Tijdens de zitting op 2 juli 2012 heeft eiseres betoogd dat de boete gematigd moest worden, omdat de medewerkers nooit alleen op een groep kinderen stonden en eiseres direct actie had ondernomen om de ontbrekende verklaringen te verkrijgen. De rechtbank oordeelde echter dat het tijdig beschikken over een verklaring omtrent het gedrag essentieel is voor de veiligheid van kinderen en dat de boetes terecht waren opgelegd. De rechtbank stelde vast dat de Wkkp en de Beleidsregels duidelijk vereisen dat alle medewerkers, inclusief stagiaires en invalkrachten, in het bezit moeten zijn van een geldige verklaring.

De rechtbank heeft de argumenten van eiseres verworpen, waaronder de stelling dat de regelgeving in strijd is met het gelijkheidsbeginsel.
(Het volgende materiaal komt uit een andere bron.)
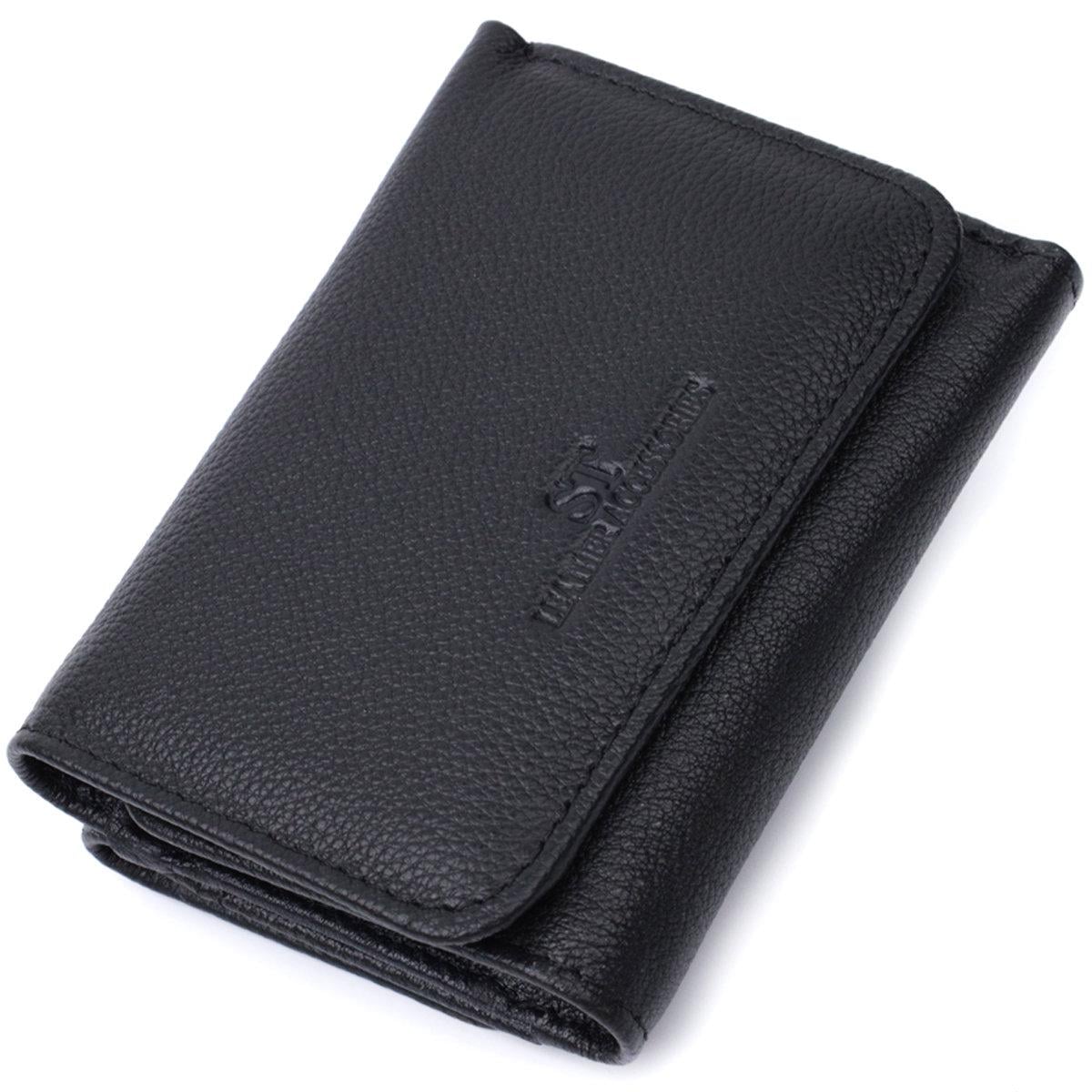 Портмоне жіноче ST Leather 22728 з монетницею шкіряне Чорний (168-136-22728)
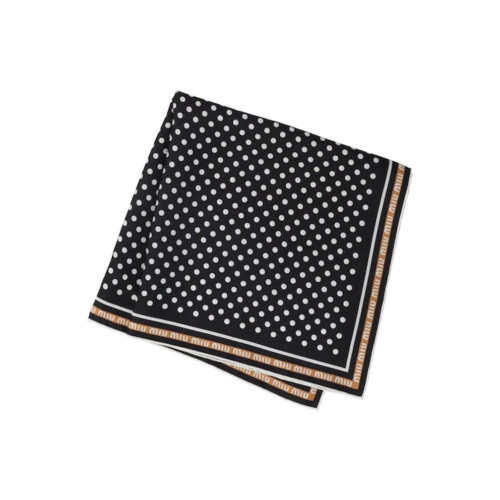 Miu Miu Printed twill scarf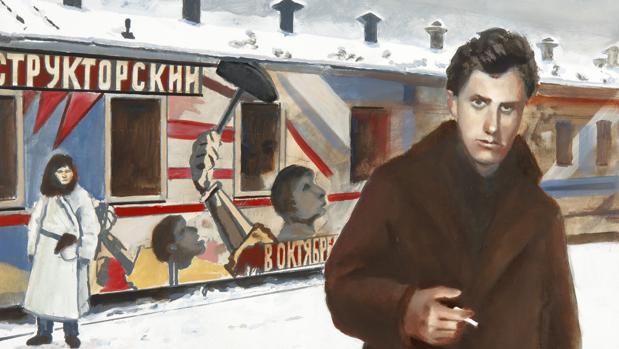 Mayakovski en Moscú, obra de Damián Flores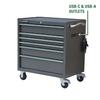 Masterforce® 36"W x 24"D Gunmetal 6-Drawer Tool Cabinet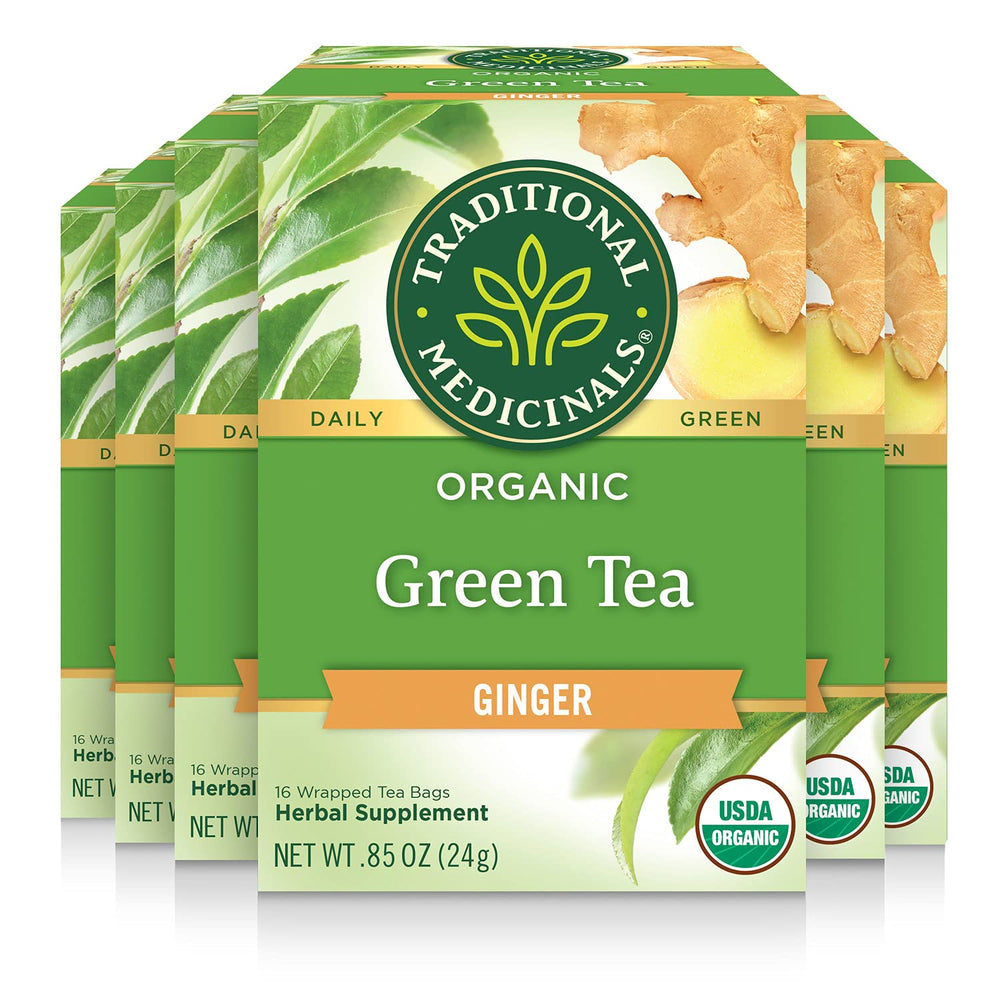 Traditional Medicinals front pack showing label and organic certification benefits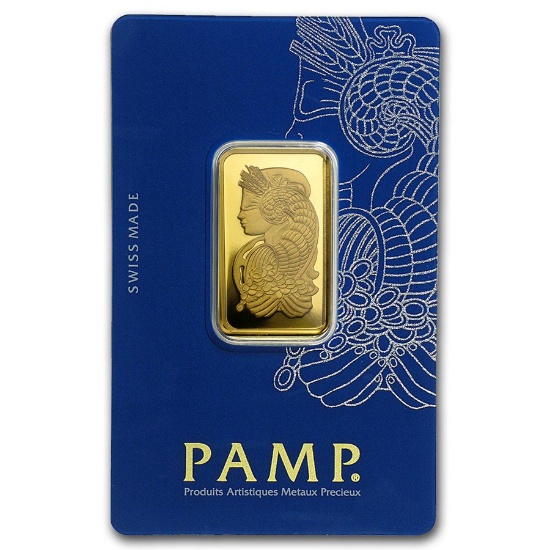 PAMP Suisse 20 Gram Gold Bar - Lady Fortuna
De rechtbank concludeerde dat de boetes in overeenstemming waren met de ernst van de overtredingen en dat er geen bijzondere omstandigheden waren die aanleiding gaven om van de boetes af te zien. De uitspraak bevestigde de noodzaak van handhaving van de kwaliteitseisen in de kinderopvang en de verantwoordelijkheden van de houders van kindercentra.

Uitspraak

RECHTBANK UTRECHT
Sector bestuursrecht
zaaknummer: SBR 12/1356
uitspraak van de enkelvoudige kamer van 24 augustus 2012 in de zaak tussen
Kinderdagverblijf [bedrijf], te Utrecht, eiseres,
(gemachtigde: mr. K.A. van Panhuis, advocaat te Utrecht),
en
het college van burgemeester en wethouders van de gemeente Utrecht, verweerder,
(gemachtigde: mr. D. Krak, werkzaam bij de gemeente Utrecht).
Procesverloop
Bij besluit van 27 oktober 2011 (het primaire besluit) heeft verweerder aan eiseres een bestuurlijke boete van in totaal € 9.000,- opgelegd wegens het niet beschikbaar hebben van een verklaring omtrent het gedrag voor drie van haar medewerkers.
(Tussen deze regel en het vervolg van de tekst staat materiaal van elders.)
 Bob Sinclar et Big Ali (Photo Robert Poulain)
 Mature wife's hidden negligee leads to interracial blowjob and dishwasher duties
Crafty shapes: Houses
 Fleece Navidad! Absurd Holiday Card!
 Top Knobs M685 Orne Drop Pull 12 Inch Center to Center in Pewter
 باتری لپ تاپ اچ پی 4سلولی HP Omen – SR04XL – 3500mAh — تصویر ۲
Bij besluit op bezwaar van 28 februari 2012 (het bestreden besluit) heeft verweerder het bezwaar van eiseres ongegrond verklaard. Eiseres heeft tegen het bestreden besluit beroep ingesteld.
Verweerder heeft een verweerschrift ingediend.
Het onderzoek ter zitting heeft plaatsgevonden op 2 juli 2012, waar namens eiseres [eiseres] is verschenen, bijgestaan door haar gemachtigde. Verweerder heeft zich laten vertegenwoordigen door zijn gemachtigde.
Overwegingen
1. De rechtbank neemt de volgende, door partijen niet betwiste, feiten als vaststaand aan.
Op 30 juni 2011 heeft een toezichthouder van de GG&GD Utrecht kinderdagverblijf [bedrijf] aan de [adres] te [woonplaats] bezocht voor een controle op de kwaliteitseisen uit de Wet kinderopvang en kwaliteitseisen peuterspeelzalen (de Wkkp) en de Beleidsregels kwaliteit kinderopvang en peuterspeelzalen (de Beleidsregels).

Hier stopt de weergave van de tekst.